Listed records
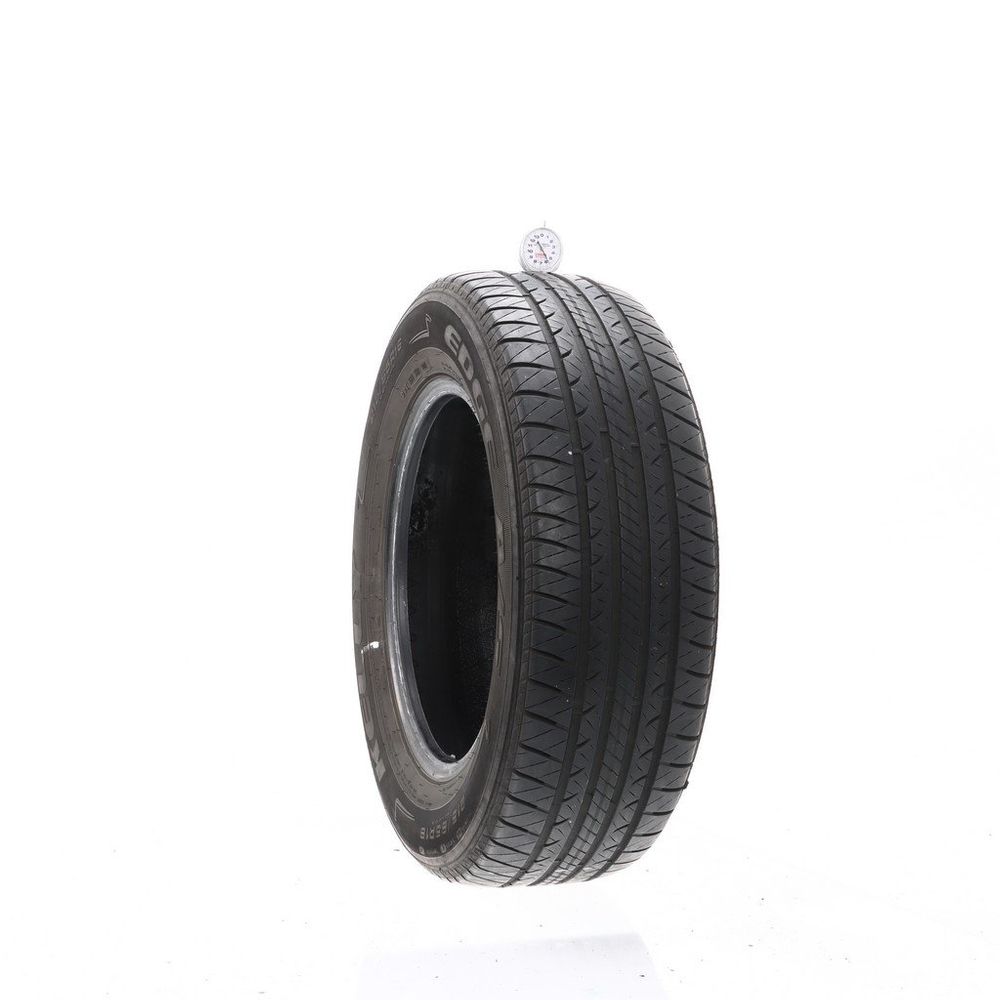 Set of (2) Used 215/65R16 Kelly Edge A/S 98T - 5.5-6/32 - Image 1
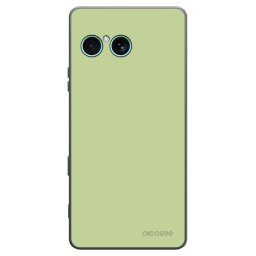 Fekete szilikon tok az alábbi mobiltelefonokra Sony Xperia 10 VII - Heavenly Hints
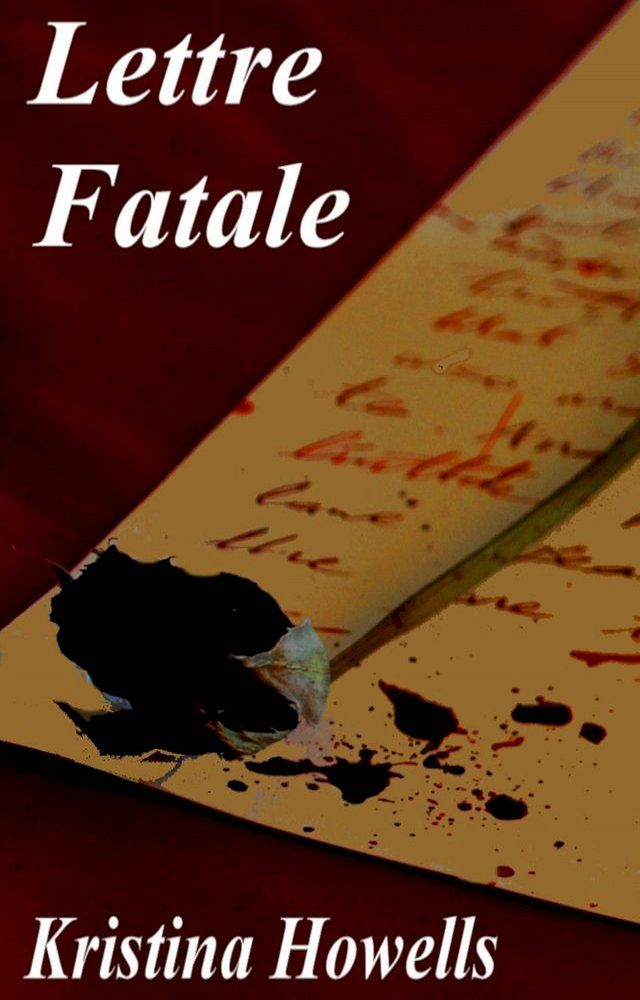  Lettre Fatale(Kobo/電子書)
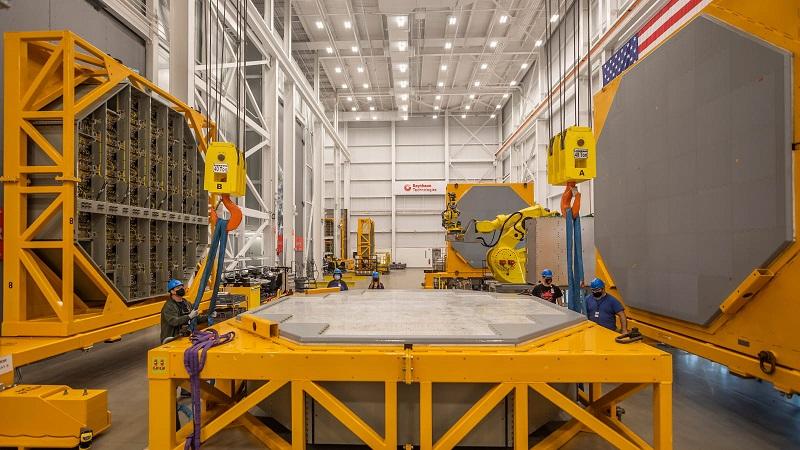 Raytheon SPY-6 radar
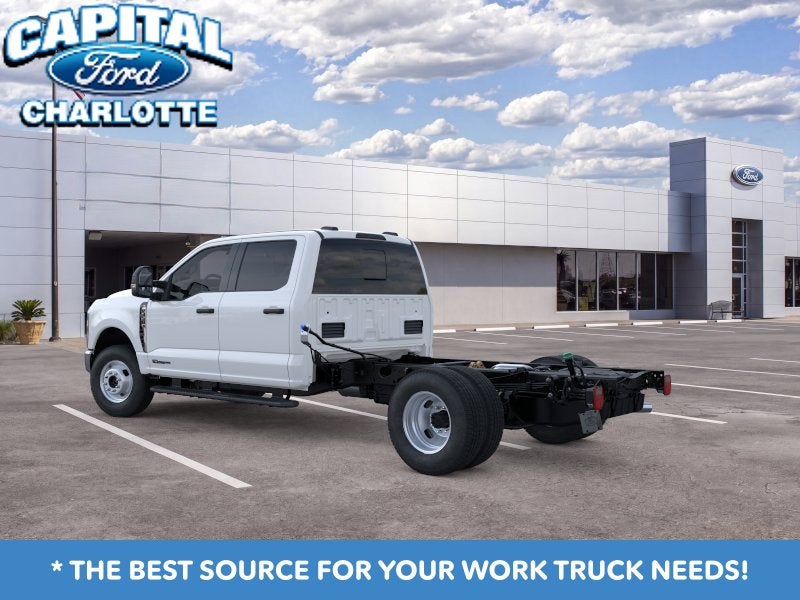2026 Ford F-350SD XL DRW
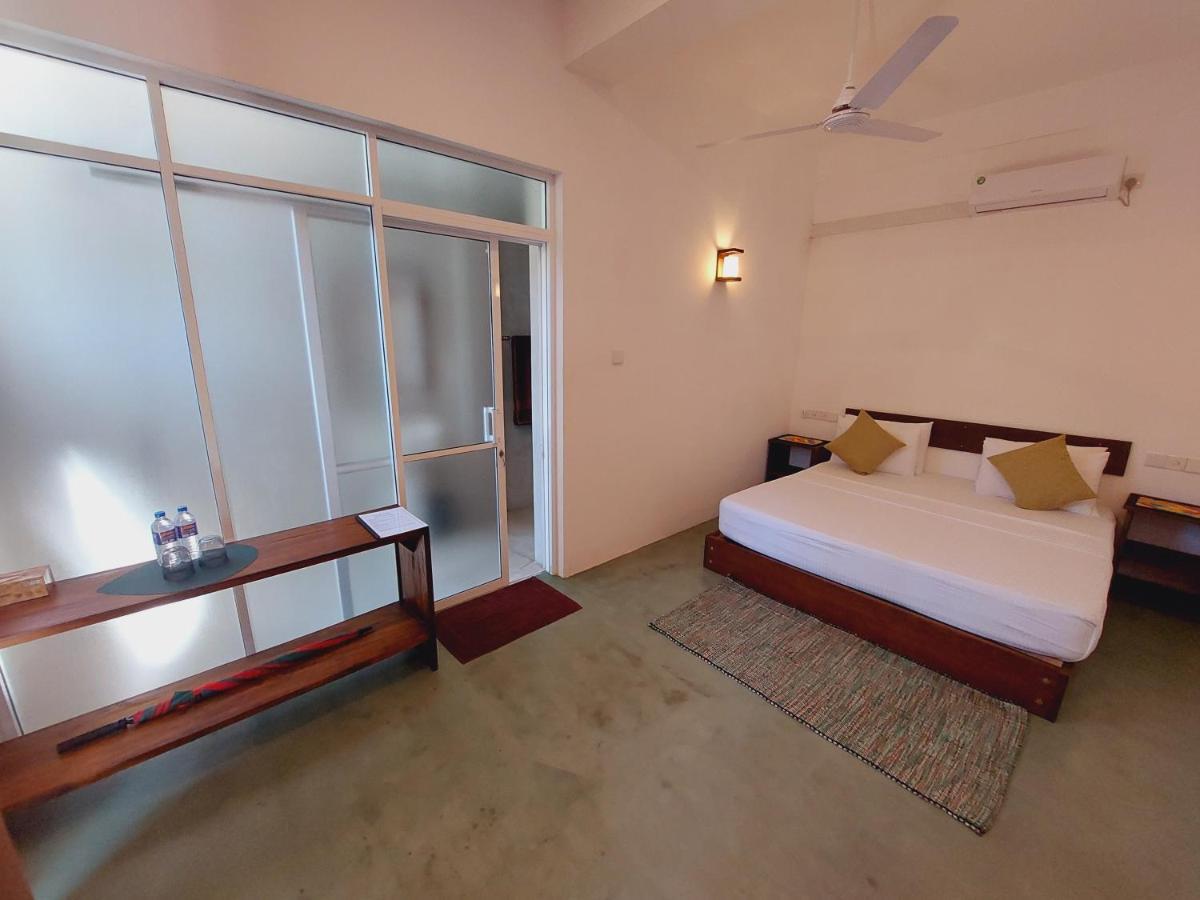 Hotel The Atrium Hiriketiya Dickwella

Assignment
Could you give all the records again, exactly, minus the pictures?

Written response
 Set of (2) Used 215/65R16 Kelly Edge A/S 98T - 5.5-6/32 - Image 1
 Fekete szilikon tok az alábbi mobiltelefonokra Sony Xperia 10 VII - Heavenly Hints
  Lettre Fatale(Kobo/電子書)
 Raytheon SPY-6 radar
2026 Ford F-350SD XL DRW
 Hotel The Atrium Hiriketiya Dickwella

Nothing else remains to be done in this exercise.